Air Berlin

A Good Time to Go

30 Jahre AIR Berlin
Singing from the same hymn sheet? German Chancellor Angela Merkel with members of the Air Berlin board and staff. Source: Picture Alliance / Eventpress

The choice of words was strong, as is always the case with the Irish budget airline Ryanair. It said Air Berlin’s bankruptcy on Tuesday was “artificially induced,” implying that there was a conspiracy to enable Germany’s national flag carrier Lufthansa to take over its rival.

Angela Merkel’s government has stepped in with a €150 million taxpayer-funded bridging loan to shore up Germany’s second largest airline while its affairs are sorted out. In line with its strong words, Ryanair – a rival to both Air Berlin and Lufthansa in the German market – filed a complaint with European Union competition authorities against the bailout.

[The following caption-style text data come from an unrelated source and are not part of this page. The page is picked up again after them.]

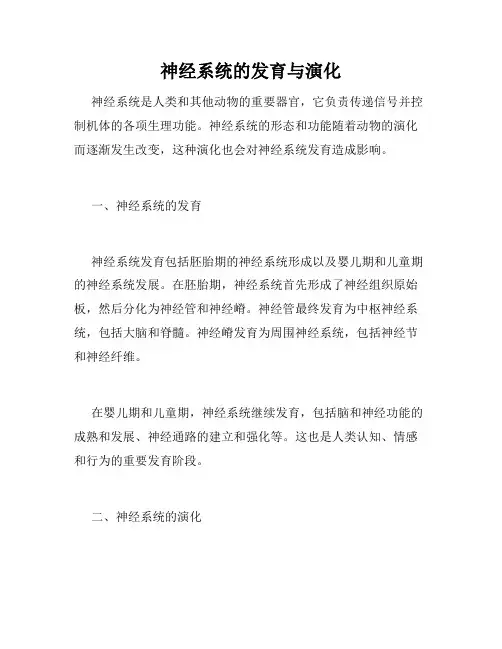 神经系统的发育与演化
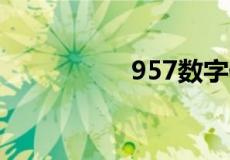 957数字代表什么意思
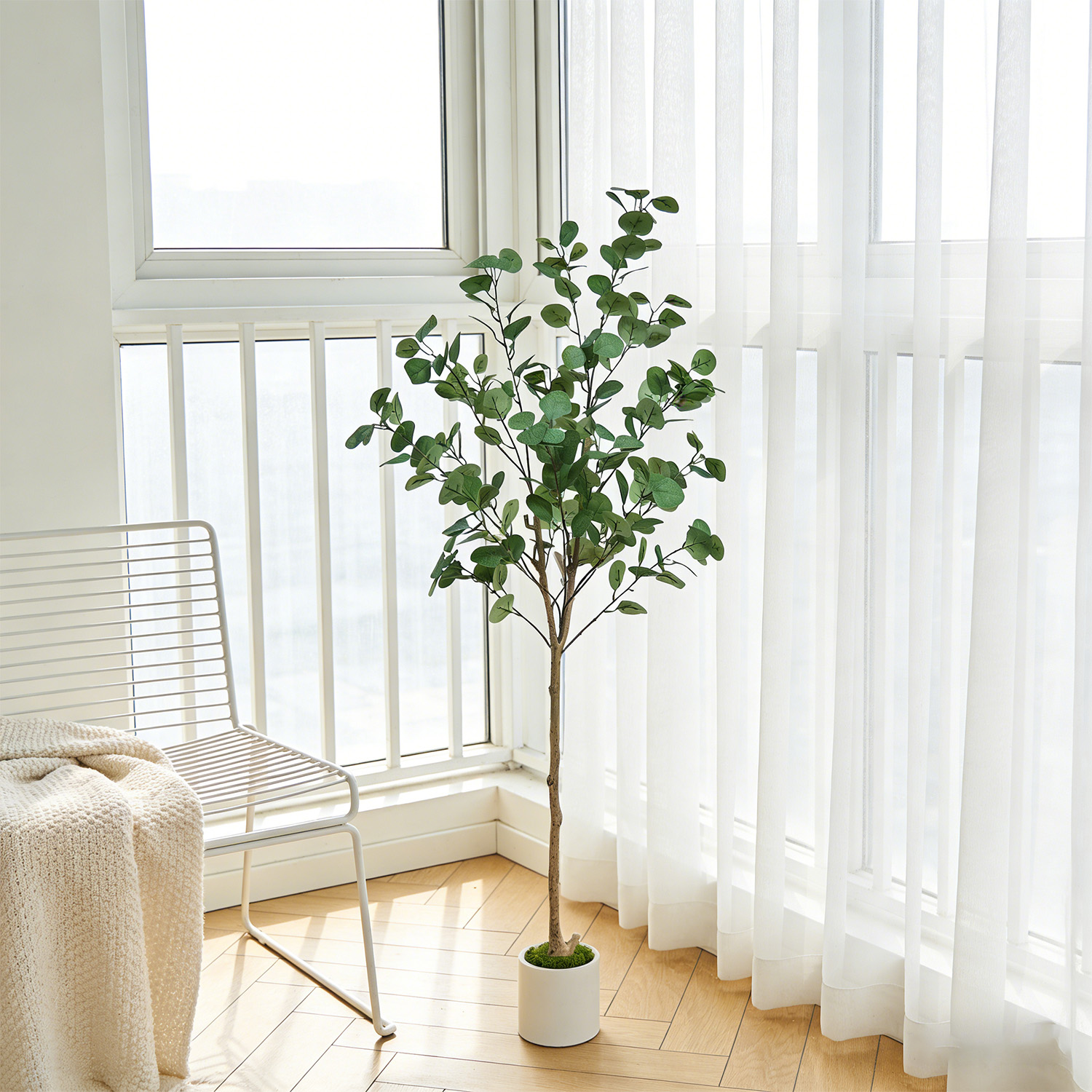 120-155Cm/5.1Ft Artificial Euc - Dracaena Marginata incelemesi ve fiyatı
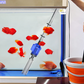 Changeur d'eau et nettoyeur de filtre d'aquarium à aspiration électrique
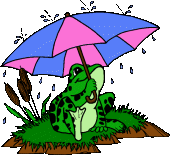 grenouille parapluie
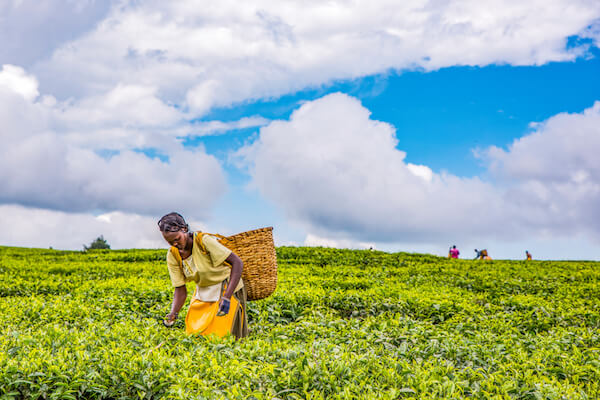 Kenyan tea plantation worker in Nandi Hills - image by Jen Watson/shutterstock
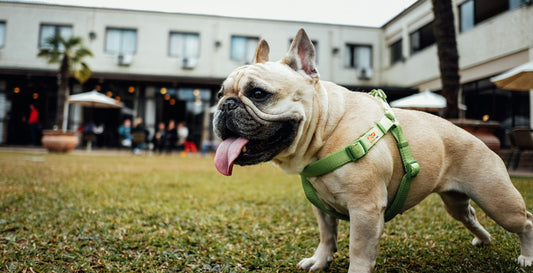 La importancia de usar un buen Arnés para Mascotas 🐾✨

It seems unlikely that it will succeed, because it is clear that the Air Berlin insolvency is anything but artificially induced. In fact, it was overdue. The airline has been burdened by negative equity and overwhelming debt for years. Any other business would have filed for bankruptcy long ago. The carrier was only able to continue operating because major shareholder Etihad, the national airline of the United Arab Emirates, kept injecting more and more of the liquidity necessary to avoid insolvency. But it couldn’t work in the long term.